Crayon (also referred to as Crayon the Movie) is a 2010 Malaysian Malay-language independent drama film. Written and directed by Dean A. Burhanuddin, it stars Edward Hon Kahoe, Faisal Abdullah, Adibah Noor and Joshry Adamme. Its producers are Dean A. Burhanuddin, Linda Ziegler and Elise A. Hamid.

Inspired by true events, the film portrays two university students who volunteer for a social program to help orphans in the east coast of Malaysia during their semester holidays. However, the land they are visiting are reclaimed by land developers for their own purposes. A charity concert is held in their effort to help more, but the orphanage gets burnt down. This startling turn of events causes doubt to their new sense of purpose, and forces them to test their adversity.

==Cast==
- Kahoe Howard Hon as Adam Wan, a Chinese Malaysian scholar.
- Faisal Abdullah as Rafaat, Malay Singaporean IT genius.
- Joshry Adamme as Afiq, one of the most rambunctious and loved orphan whose sense of adventure gives them a new living appreciation.
- Adibah Noor as Mak Engku, the local orphanage's caring and lovely matron

==Production==

===Development===
Dean wrote the script in September 2009, as he realised that life has a greater meaning when helping others. The loss of his father in 2009 changed him that to help others we must not only think of the Malaysian people all the time.

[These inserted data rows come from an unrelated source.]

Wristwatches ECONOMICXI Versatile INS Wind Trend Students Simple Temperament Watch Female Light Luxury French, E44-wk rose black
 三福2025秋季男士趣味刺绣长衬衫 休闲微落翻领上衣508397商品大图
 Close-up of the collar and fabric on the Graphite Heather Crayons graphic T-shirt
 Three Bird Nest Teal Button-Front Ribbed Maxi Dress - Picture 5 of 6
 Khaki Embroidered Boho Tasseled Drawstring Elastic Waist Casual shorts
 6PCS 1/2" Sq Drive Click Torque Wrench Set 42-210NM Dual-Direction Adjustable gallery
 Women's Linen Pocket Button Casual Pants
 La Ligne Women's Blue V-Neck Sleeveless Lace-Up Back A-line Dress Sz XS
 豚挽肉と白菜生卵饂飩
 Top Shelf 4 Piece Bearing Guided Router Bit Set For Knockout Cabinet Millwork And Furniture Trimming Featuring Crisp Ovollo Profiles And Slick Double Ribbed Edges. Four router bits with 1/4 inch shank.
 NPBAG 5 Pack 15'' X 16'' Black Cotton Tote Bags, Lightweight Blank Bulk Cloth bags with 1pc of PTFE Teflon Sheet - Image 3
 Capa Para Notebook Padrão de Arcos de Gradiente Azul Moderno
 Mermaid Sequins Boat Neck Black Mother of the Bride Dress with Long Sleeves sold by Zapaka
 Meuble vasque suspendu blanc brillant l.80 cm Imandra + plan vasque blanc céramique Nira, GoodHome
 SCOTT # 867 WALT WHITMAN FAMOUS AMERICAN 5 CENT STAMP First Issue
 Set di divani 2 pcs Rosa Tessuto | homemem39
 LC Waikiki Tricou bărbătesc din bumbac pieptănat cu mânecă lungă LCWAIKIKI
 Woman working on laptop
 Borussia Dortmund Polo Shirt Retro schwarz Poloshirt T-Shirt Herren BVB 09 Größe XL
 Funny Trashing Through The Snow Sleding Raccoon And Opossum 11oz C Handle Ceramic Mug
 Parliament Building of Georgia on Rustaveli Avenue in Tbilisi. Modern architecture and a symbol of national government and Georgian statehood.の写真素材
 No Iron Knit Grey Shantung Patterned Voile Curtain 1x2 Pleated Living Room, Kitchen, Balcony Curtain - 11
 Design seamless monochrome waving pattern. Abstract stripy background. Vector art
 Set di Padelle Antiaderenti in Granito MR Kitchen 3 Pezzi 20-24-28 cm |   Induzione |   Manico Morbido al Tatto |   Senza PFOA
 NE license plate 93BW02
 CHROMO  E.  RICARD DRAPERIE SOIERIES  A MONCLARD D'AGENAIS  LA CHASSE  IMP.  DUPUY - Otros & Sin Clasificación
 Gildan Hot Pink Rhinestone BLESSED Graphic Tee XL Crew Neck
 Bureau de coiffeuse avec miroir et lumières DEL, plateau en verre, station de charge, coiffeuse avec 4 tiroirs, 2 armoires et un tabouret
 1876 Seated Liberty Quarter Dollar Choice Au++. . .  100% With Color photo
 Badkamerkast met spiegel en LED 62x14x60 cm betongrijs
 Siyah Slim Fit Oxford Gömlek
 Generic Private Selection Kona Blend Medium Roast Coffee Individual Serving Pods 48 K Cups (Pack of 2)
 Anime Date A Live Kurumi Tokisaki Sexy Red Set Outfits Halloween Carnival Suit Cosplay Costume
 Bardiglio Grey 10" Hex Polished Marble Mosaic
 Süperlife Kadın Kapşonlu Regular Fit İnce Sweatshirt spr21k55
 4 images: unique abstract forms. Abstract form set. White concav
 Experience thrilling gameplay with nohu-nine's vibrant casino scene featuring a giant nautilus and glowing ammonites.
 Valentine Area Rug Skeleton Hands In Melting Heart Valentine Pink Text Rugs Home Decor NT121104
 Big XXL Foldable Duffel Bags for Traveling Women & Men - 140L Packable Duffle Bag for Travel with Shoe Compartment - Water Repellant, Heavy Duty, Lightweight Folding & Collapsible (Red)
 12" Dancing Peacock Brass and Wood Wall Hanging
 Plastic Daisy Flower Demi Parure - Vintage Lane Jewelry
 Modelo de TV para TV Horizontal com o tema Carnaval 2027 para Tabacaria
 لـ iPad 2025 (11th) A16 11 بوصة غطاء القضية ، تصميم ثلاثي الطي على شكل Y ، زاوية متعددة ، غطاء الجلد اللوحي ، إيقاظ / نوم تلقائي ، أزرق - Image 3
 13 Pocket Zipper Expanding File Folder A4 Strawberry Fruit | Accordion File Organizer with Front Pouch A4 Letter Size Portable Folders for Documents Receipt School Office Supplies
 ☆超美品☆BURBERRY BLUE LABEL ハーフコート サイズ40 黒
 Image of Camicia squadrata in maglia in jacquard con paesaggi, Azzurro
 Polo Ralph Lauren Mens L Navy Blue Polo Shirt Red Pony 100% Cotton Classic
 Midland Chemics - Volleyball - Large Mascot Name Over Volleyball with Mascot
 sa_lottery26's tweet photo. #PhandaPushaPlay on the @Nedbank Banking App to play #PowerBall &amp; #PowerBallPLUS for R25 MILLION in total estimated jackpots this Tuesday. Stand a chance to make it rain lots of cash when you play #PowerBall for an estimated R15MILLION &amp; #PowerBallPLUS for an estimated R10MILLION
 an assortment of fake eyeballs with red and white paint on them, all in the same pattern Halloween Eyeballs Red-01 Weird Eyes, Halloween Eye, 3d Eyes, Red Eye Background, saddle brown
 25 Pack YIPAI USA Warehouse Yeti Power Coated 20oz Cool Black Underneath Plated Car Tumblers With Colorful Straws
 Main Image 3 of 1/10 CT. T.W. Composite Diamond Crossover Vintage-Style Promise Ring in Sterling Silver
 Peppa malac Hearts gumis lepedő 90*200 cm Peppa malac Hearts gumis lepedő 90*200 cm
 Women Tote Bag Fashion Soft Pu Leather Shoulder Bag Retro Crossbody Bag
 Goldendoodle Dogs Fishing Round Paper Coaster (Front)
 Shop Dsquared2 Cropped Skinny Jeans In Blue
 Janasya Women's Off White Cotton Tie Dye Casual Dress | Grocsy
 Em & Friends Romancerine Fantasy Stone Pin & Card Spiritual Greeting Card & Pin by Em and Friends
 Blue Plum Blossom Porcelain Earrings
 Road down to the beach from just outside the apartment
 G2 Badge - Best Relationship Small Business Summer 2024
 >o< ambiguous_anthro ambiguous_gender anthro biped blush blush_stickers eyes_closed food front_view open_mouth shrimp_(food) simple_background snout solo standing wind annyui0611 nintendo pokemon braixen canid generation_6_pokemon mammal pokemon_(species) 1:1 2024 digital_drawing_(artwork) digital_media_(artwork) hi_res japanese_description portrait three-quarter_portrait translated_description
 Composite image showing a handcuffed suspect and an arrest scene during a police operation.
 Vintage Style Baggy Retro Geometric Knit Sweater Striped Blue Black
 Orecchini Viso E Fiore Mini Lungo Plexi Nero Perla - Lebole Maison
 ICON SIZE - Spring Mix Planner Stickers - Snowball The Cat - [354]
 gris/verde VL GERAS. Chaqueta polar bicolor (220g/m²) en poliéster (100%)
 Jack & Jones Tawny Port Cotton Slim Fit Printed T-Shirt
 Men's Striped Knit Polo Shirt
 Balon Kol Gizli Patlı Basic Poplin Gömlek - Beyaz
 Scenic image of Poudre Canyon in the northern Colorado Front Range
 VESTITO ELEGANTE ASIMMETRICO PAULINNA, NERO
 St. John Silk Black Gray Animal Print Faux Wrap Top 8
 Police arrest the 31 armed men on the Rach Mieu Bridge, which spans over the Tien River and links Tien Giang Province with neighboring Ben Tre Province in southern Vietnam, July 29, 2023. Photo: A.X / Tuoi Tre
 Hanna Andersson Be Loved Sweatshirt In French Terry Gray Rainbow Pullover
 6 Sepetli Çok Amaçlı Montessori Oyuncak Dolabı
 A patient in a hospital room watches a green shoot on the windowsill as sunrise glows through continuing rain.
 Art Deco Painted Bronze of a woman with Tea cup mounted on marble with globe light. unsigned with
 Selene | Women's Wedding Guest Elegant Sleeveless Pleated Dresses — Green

The entire process took 1 year where the team had a very short pre-production of 3 months followed by a month of shoot and lastly 6 months of post production. The locations of filming were in Kuala Lumpur, Malacca and Singapore.

==Release==
Crayon was scheduled to be released in Malaysia on 11 November 2010. It is also slated to premiere in Laemmle Theatres, West Hollywood, Los Angeles, California for a 7-day run for 4 November 2010. This makes the first Malaysian film ever to be released in the United States. It made its premiere screening at e@Curve, Mutiara Damansara, on 17 September 2010.

==Reception==

===Accolades===
Crayon was eligible for the 83rd Academy Awards nominations listed in early January 2011 and was competing with 248 other films in all categories except the Foreign film category.

==Sequels==
Burhanuddin has stated that his first film revolves around orphans, the second film will focus on people with disabilities, whereas the third and last will focus on the elderly. With his films, he intends to bring awareness to the adversity that these groups face and how they overcome them.